WHAT IS NEEDED
The required output is the stretch from the line containing "Young baby sleeping" through the line containing "Christine Heren '22" in the records below, unaltered and with no pictures.

===== DATA

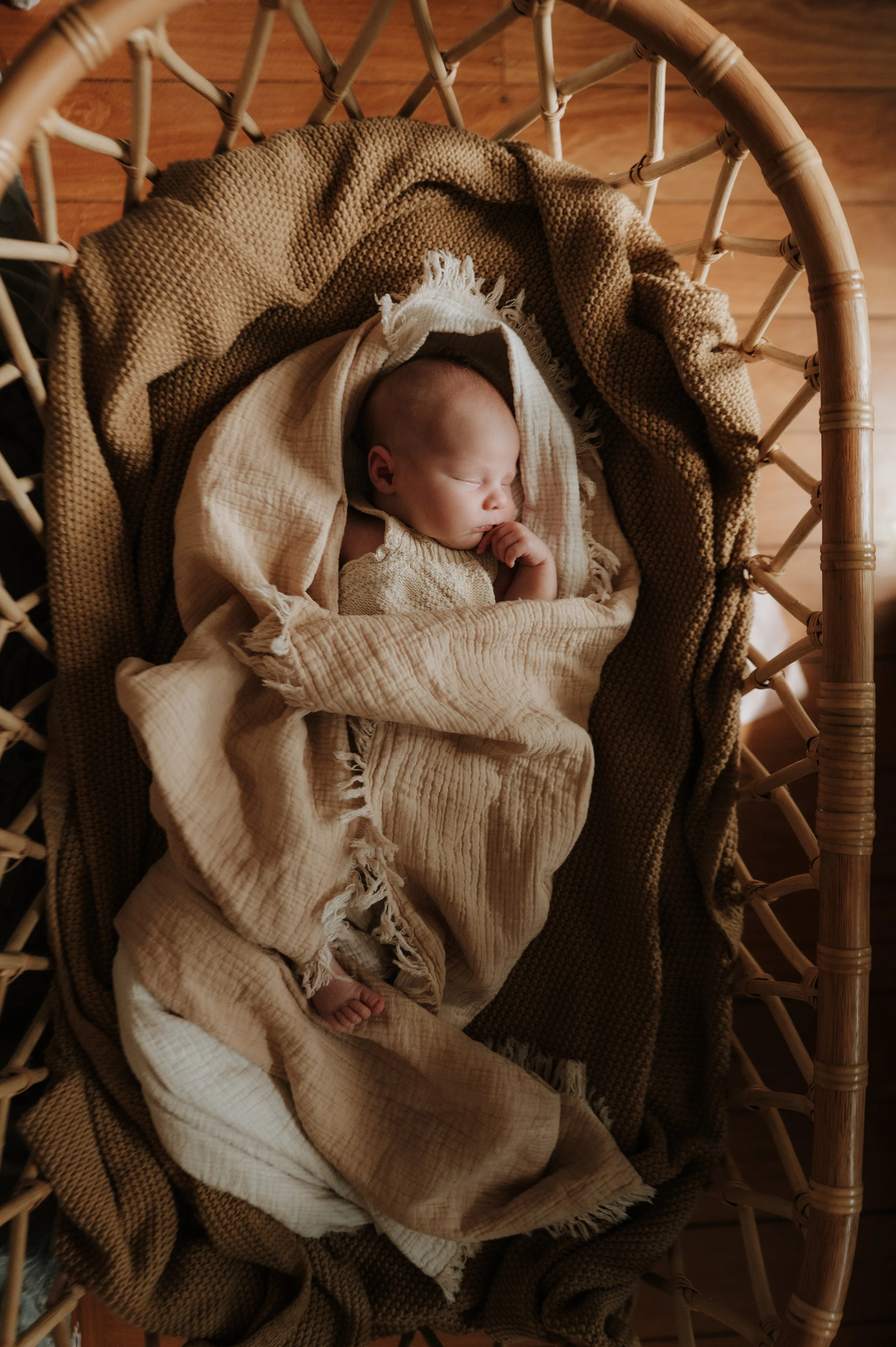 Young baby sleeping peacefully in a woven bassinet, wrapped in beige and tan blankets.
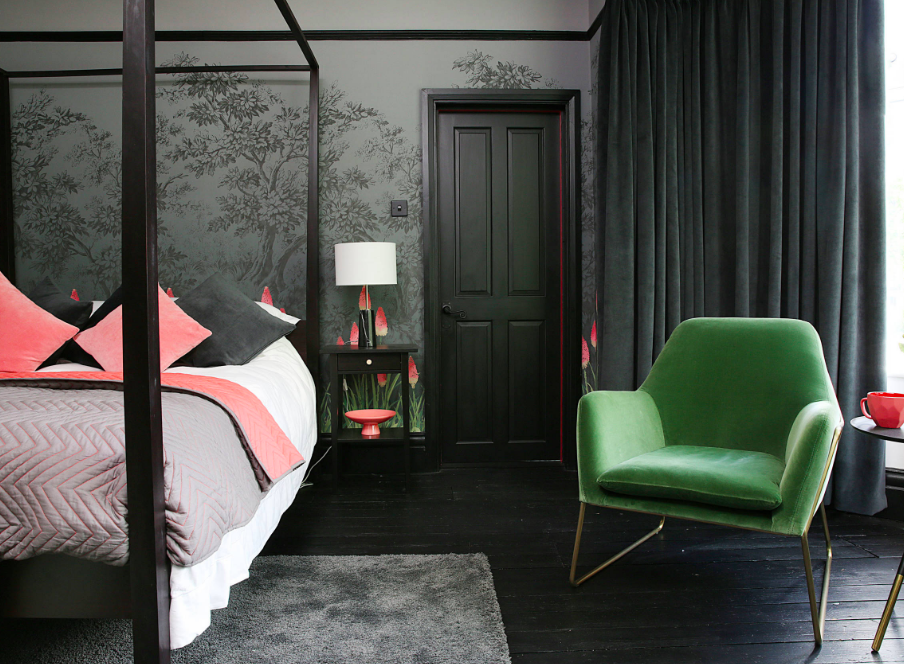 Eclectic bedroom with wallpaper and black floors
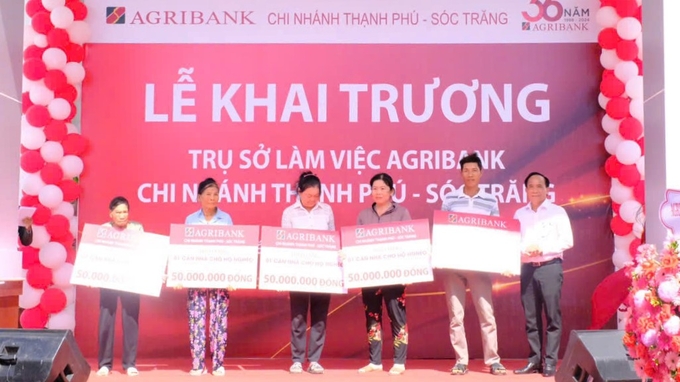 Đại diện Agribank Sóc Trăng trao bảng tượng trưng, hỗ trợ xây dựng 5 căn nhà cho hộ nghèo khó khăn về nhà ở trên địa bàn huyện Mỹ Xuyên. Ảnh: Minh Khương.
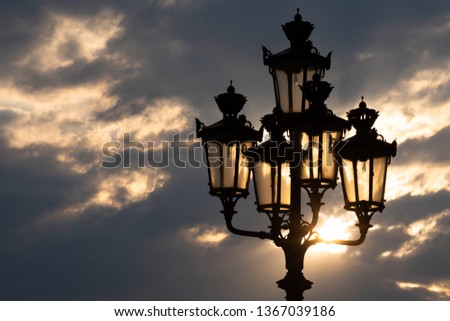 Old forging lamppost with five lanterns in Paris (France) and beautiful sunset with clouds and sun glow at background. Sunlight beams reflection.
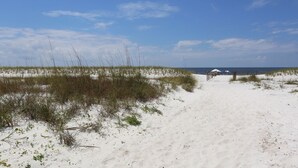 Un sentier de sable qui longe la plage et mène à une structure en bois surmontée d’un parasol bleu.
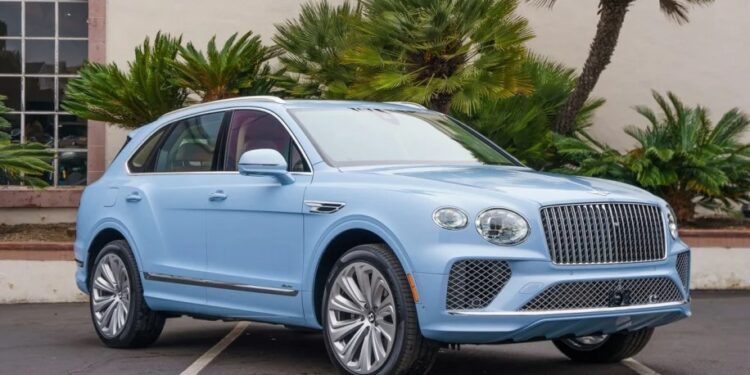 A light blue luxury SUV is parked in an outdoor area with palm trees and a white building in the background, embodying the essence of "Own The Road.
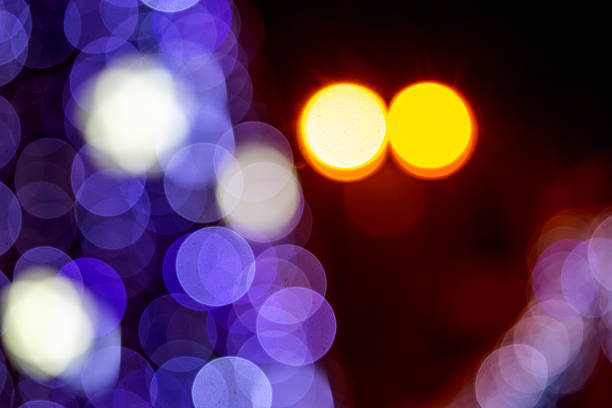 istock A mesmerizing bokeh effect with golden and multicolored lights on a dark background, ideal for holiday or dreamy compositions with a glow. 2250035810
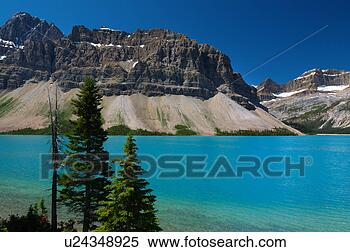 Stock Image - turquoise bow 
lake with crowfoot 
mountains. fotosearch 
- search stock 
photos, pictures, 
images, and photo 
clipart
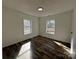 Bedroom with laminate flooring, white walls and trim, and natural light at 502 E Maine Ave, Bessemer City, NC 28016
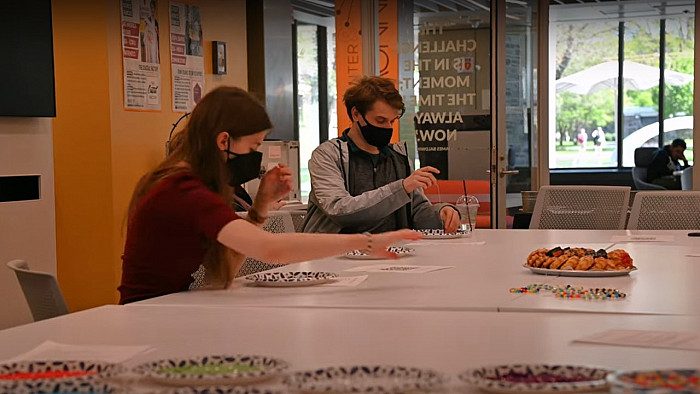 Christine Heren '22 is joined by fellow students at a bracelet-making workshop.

==========
===== DATA

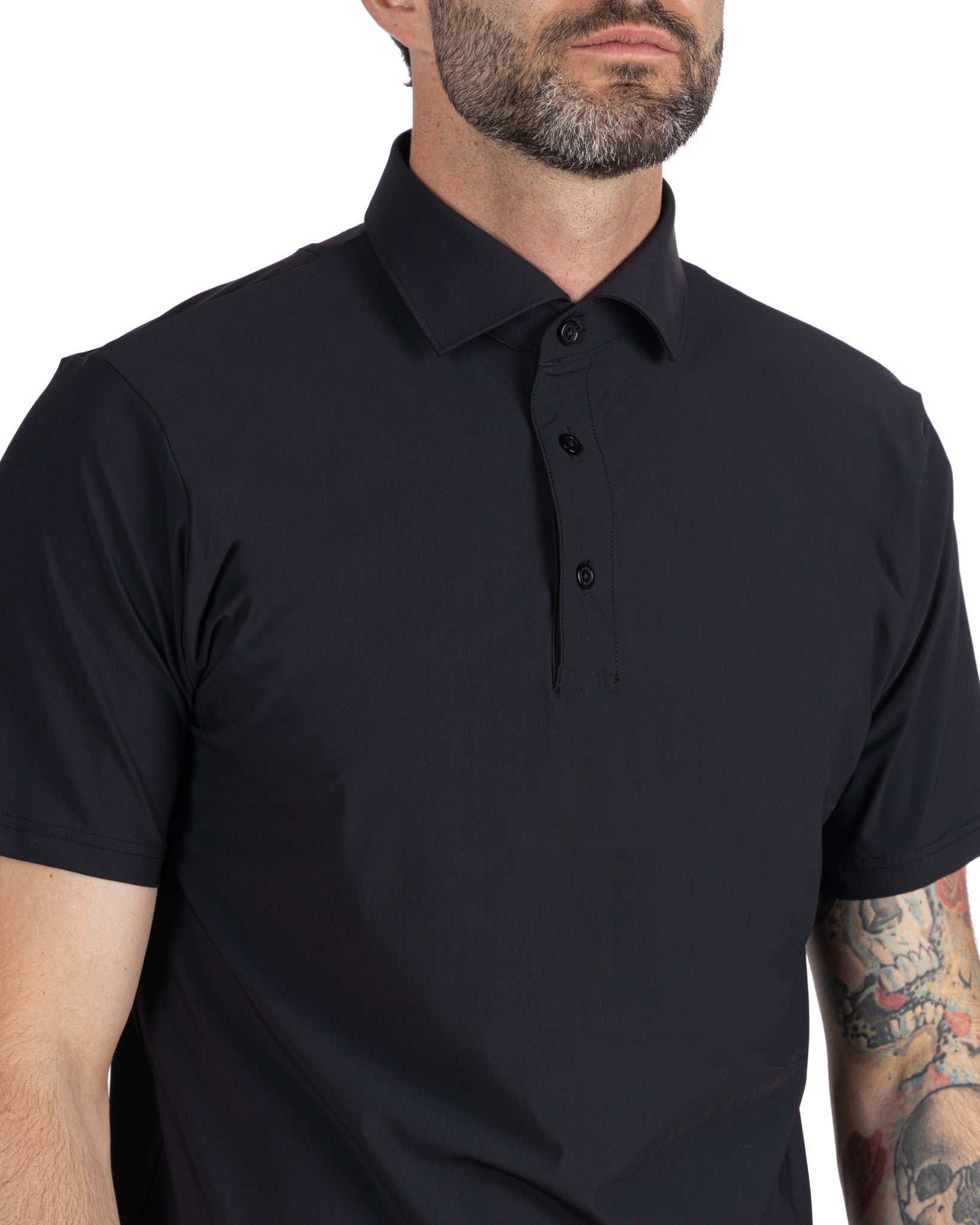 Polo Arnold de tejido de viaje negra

==========
===== DATA

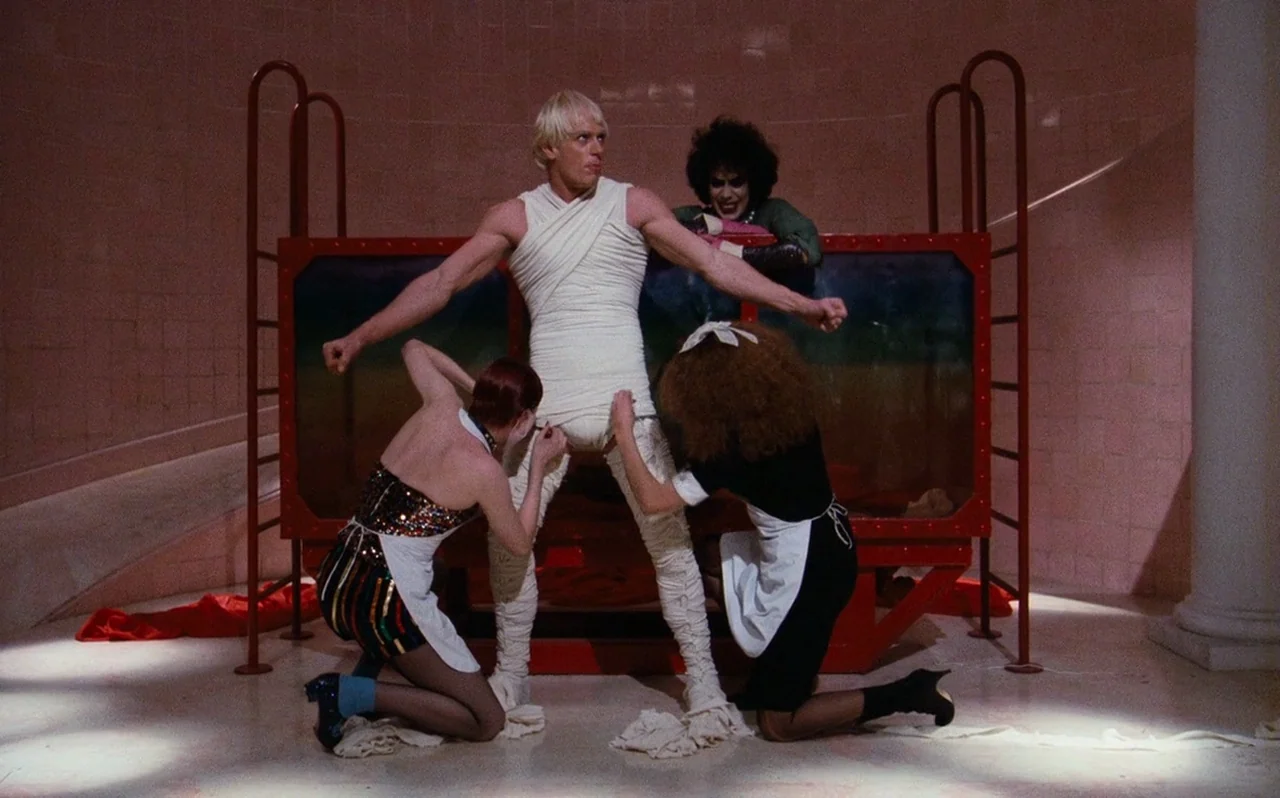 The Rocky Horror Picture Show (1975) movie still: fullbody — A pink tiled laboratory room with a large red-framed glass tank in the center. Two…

==========

TASK OUTPUT
 Young baby sleeping peacefully in a woven bassinet, wrapped in beige and tan blankets.
 Eclectic bedroom with wallpaper and black floors
 Đại diện Agribank Sóc Trăng trao bảng tượng trưng, hỗ trợ xây dựng 5 căn nhà cho hộ nghèo khó khăn về nhà ở trên địa bàn huyện Mỹ Xuyên. Ảnh: Minh Khương.
 Old forging lamppost with five lanterns in Paris (France) and beautiful sunset with clouds and sun glow at background. Sunlight beams reflection.
 Un sentier de sable qui longe la plage et mène à une structure en bois surmontée d’un parasol bleu.
 A light blue luxury SUV is parked in an outdoor area with palm trees and a white building in the background, embodying the essence of "Own The Road.
 istock A mesmerizing bokeh effect with golden and multicolored lights on a dark background, ideal for holiday or dreamy compositions with a glow. 2250035810
 Stock Image - turquoise bow 
lake with crowfoot 
mountains. fotosearch 
- search stock 
photos, pictures, 
images, and photo 
clipart
 Bedroom with laminate flooring, white walls and trim, and natural light at 502 E Maine Ave, Bessemer City, NC 28016
 Christine Heren '22 is joined by fellow students at a bracelet-making workshop.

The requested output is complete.